Desde a captura do Estado em 1975, o MPLA foi-se consolidando como uma máquina de guerra, com o segundo maior exército da África Austral, ao qual se agrega a Polícia Nacional e os serviços de Informação e Segurança do Estado (SINSE). Como se todo este património público não lhe bastasse, o MPLA agregou-lhe o quarto poder, a Comunicação Social, hoje por hoje confundido com os próprios serviços de Informação do SINSE.

O que se constata em Angola, 47 anos depois da independência, é uma luta de classes completamente desigual, na qual a classe rica e dirigente repousa arrogantemente sobre a omnipotente máquina de defesa e segurança militar e para-militar que controla no âmago do sistema, os processos eleitorais e mantém a vigilância policial e as forças armadas sempre em prontidão combativa, tal como na Grécia Clássica, no tempo do general grego Temístocles, dez mil atenienses e espartanos dormiam e acordavam de espada à cinta e escudo na mão, para vigiar e coordenar o trabalho de 40 mil escravos hilotas.


Todo este paradigma necrófago de governação só é possível, porque se conserva, embora um pouco mitigado, pela lei da inércia política (adversa a qualquer mudança), o espírito do 27 de Maio de 1977.


A reconciliação com a história merece um tratamento extra-partidário e extra-governo dos acontecimentos espoletados pela manifestação do dia 27 de Maio de 1977, agregada à perpetuação dos nomes das 30 mil vítimas num mural que poderá ter um bom quilómetro de extensão.


Sem este pressuposto fundamental, a essência, a alma mater do 27 de Maio continuará, pela lei do movimento inercial do terror oficializado à Roma Antiga, vigente em Angola.

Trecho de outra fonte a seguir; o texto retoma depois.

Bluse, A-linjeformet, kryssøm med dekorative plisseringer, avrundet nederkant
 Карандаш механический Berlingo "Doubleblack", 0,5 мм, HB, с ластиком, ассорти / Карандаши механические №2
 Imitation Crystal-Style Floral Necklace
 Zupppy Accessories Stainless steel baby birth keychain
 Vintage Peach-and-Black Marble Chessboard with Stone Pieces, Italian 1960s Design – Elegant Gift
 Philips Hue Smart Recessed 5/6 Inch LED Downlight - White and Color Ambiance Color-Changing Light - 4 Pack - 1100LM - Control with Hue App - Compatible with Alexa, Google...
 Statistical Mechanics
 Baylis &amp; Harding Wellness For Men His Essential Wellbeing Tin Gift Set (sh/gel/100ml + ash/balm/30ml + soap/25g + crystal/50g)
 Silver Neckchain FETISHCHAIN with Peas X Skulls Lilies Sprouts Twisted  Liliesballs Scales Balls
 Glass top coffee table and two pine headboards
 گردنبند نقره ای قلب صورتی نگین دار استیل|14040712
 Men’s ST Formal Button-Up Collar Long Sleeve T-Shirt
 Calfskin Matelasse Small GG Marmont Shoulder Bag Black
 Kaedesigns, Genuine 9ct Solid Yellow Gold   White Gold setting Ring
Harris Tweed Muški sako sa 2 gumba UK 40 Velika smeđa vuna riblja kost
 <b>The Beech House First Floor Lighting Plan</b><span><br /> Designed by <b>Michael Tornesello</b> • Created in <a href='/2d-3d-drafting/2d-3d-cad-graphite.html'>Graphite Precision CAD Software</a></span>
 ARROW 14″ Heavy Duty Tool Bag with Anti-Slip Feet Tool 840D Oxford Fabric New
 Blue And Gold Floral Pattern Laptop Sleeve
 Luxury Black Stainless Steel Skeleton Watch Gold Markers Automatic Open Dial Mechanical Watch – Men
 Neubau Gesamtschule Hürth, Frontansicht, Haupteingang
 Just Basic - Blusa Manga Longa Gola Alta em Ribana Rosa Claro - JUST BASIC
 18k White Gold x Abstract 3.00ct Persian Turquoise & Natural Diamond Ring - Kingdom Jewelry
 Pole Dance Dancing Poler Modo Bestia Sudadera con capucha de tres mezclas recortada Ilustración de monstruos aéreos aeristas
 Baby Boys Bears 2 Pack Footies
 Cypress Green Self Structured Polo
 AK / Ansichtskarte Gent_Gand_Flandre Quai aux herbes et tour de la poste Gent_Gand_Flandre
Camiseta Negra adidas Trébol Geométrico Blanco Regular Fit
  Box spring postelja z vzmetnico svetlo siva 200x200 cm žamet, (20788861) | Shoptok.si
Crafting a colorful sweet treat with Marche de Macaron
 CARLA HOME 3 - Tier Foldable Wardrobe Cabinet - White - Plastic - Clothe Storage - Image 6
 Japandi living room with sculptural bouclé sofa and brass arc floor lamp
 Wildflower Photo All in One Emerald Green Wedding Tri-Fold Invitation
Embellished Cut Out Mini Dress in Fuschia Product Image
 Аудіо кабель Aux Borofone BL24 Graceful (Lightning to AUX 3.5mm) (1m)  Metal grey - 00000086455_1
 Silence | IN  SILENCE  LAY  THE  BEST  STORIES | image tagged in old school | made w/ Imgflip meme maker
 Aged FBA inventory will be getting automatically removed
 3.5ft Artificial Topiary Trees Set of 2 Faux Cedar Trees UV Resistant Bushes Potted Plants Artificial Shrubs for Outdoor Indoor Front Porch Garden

Em África, devido à maldição do ferrete colonial, o abuso do monopólio da violência do Estado é incompatível e excludente da ideia de independência, na sua ontologia pragmática. É preciso abordarmos esta questão, que reputamos fundamental, sem mais subterfúgios, hipocrisias, nem ameaças aos intelectuais livres de Angola (afinal, um património humano que o Governo não quer reconhecer e que também recebe ameaças letais das forças securitárias) se quisermos honrar a luta de libertação e a própria História de África.